Highlights & Insights¶
- The score difference decomposition and reorganization of HDS is highly elegant: Through theoretical analysis, it is discovered that the \(\delta_{\text{noise}} - \epsilon\) term in standard SDS is the main culprit behind blurry textures. Discarding this term and replacing it with a repelling score elegantly solves two issues: blurriness and over-saturation. This "decompose-diagnose-replace" methodology can be readily applied to other SDS variants.
- The three-stage timestep scheduling leverages domain priors of human-centric generation: Since SMPL-X initialization already provides coarse geometry, high-timestep stages can be skipped. Intermediate textures represent smooth transitions and do not require many steps, whereas fine details are critical and require focused training. This domain-adaptive scheduling strategy is more efficient than a general linear decay.
- The distance-weighted attention fusion of VCR ensures smooth texture transitions between views. Closer key views exert greater influence, avoiding texture discontinuities caused by hard switching. This concept can be generalized to other 2D-to-3D tasks that demand multi-view consistency.
Limitations & Future Work¶
- Generation can fail for highly complex poses or extreme clothing textures, as the framework relies heavily on the pose priors of SMPL-X.
- Human-object and human-human interaction scenarios are not handled.
- The VCR stage uses Stable Diffusion for denoising, which might yield sub-optimal results for non-standard human proportions or cartoon styles.
- It only renders static 3D humans and does not support animations or retargeting to different poses.
- The user study involves a relatively small number of evaluators (24) and prompts (20).
Related Work & Insights¶
- vs. HumanGaussian: HumanGaussian was the strongest prior 3DGS human method but lacked support for image input and required 1.2h of training. GaussianIP introduces identity preservation and reduces training to 40 minutes.
- vs. DreamWaltz/AvatarVerse: Early NeRF-based methods suffer from a noticeable lack of facial and clothing details, with slower training speeds.
- vs.
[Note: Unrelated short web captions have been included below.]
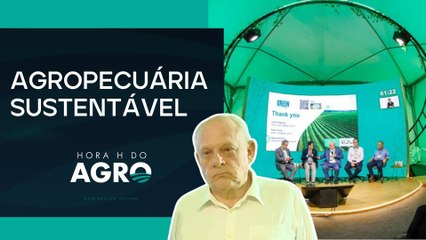 Programa Caminho Verde foi apresentado pelo Ministério da Agricultura na COP30 | HORA H DO AGRO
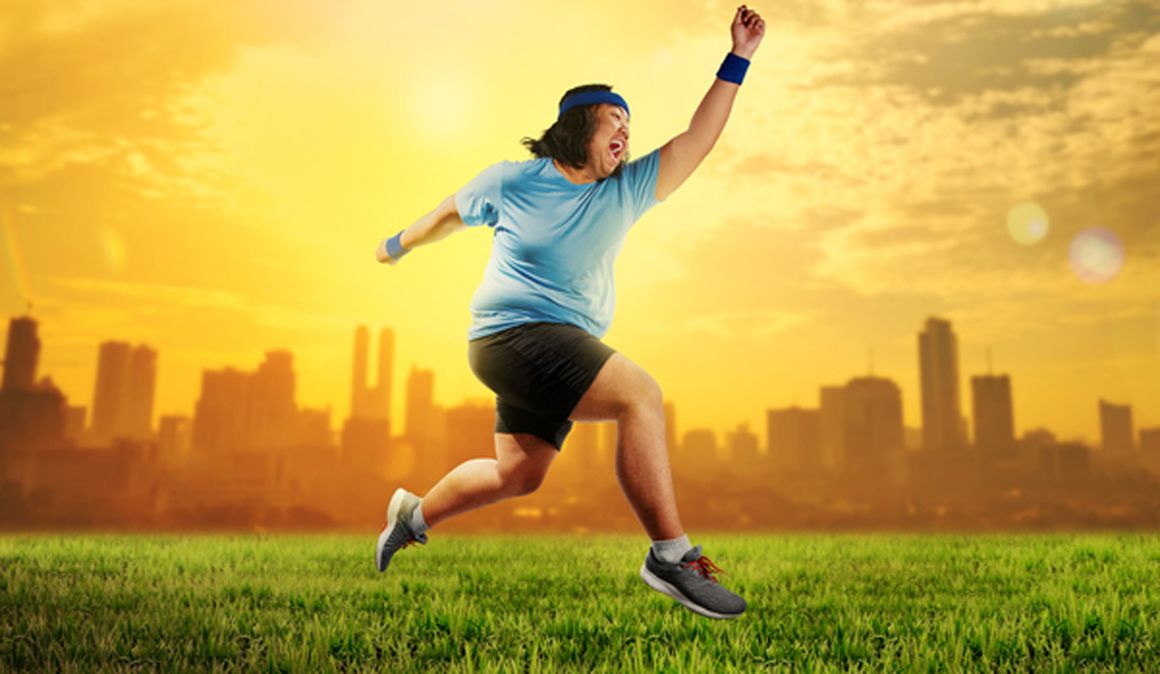 El ejercicio mejora la función cerebral en personas con obesidad y sobrepeso
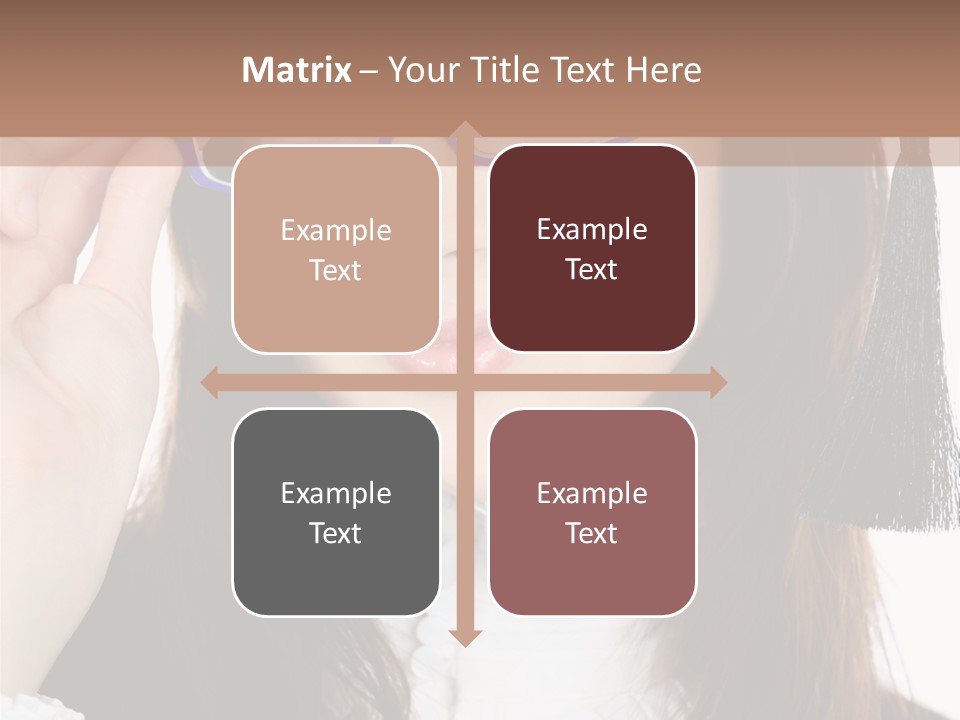 Diploma Academic College PowerPoint Template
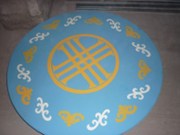 Казахские национальные столы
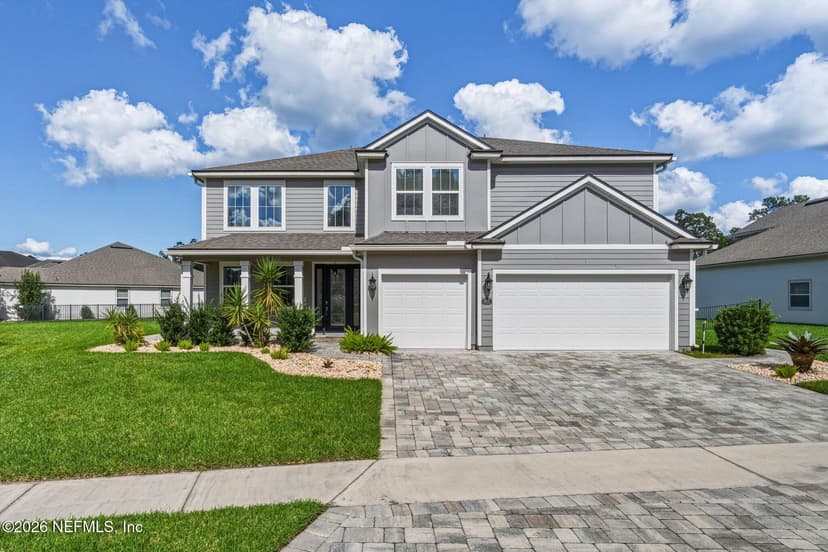 601 Melrose Abbey Lane, Fruit Cove, FL 32259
TADA/X-Oscar: Methods based on SMPL-X meshes have advantages in geometric control, but their texture quality remains inferior to 3DGS-based methods.
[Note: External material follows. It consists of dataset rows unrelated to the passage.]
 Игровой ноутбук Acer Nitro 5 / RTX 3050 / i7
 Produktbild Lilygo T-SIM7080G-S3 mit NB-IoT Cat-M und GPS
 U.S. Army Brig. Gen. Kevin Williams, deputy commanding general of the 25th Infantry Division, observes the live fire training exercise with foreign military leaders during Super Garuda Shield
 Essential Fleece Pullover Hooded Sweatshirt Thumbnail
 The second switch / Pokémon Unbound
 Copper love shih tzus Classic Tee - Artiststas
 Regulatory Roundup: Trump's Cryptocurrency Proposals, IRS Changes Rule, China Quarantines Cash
- vs. 2D Human Customization (e.g., IP-Adapter): GaussianIP extends the capability of 2D customized human models to 3D space, showing great potential.
Rating¶
- Novelty: ⭐⭐⭐⭐ HDS's score difference decomposition and VCR's distance-weighted attention fusion make significant theoretical contributions.
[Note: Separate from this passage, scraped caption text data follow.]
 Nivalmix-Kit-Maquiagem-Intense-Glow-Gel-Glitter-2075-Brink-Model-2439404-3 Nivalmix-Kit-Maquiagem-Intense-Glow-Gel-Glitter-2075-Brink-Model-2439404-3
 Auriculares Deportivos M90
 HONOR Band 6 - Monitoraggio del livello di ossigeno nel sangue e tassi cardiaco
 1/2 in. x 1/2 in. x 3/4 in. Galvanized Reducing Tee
- Experimental Thoroughness: ⭐⭐⭐⭐ Comprises user study + GPT rating + Face++ verification + detailed ablation, though it lacks standard quantitative metrics (e.g., FID).
- Writing Quality: ⭐⭐⭐⭐ Formulations are complete and the structure is clear, though some derivations could be made more intuitive.
- Value: ⭐⭐⭐⭐⭐ The first high-quality 3D human generation method supporting identity preservation. A 40-minute training time is highly appealing for practical applications.